- Task directions:
Reproduce only this stretch of the listing below: from the line with "Photobucket - Video and Image Hosting" through the line with "Adult female birthday", exactly as written, with pictures excluded.

- Data for processing:
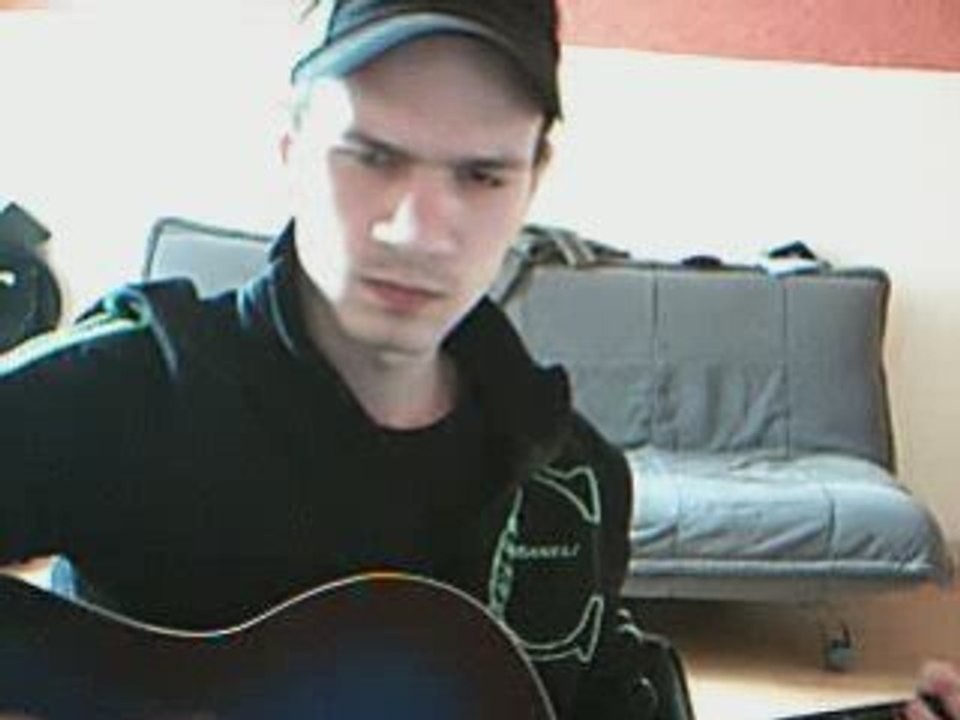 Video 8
--
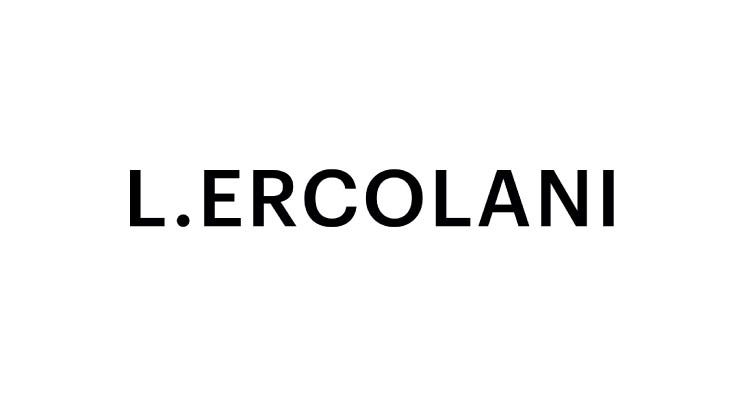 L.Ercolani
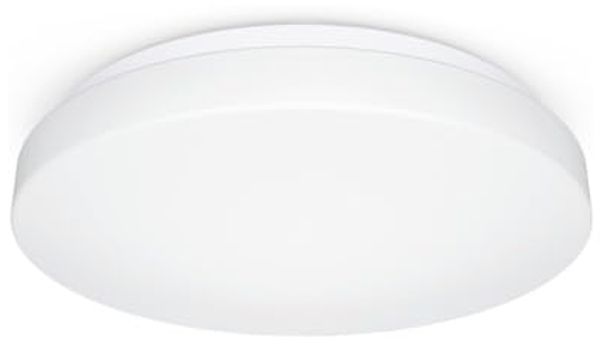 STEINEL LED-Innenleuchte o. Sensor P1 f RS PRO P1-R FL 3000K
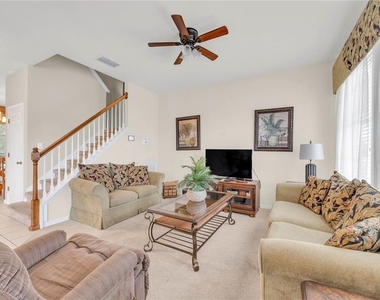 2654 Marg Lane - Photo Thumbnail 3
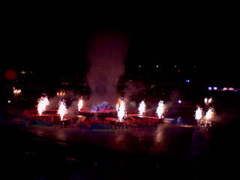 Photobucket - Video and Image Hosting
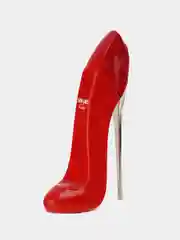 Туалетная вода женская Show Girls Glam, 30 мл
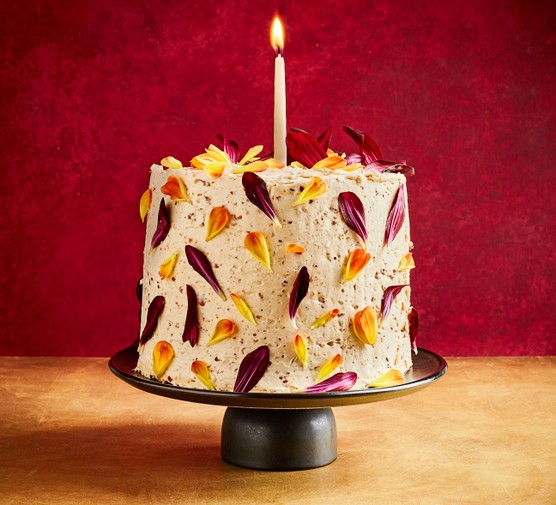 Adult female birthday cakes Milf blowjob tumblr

- Output of the task:
 Photobucket - Video and Image Hosting
 Туалетная вода женская Show Girls Glam, 30 мл
 Adult female birthday cakes Milf blowjob tumblr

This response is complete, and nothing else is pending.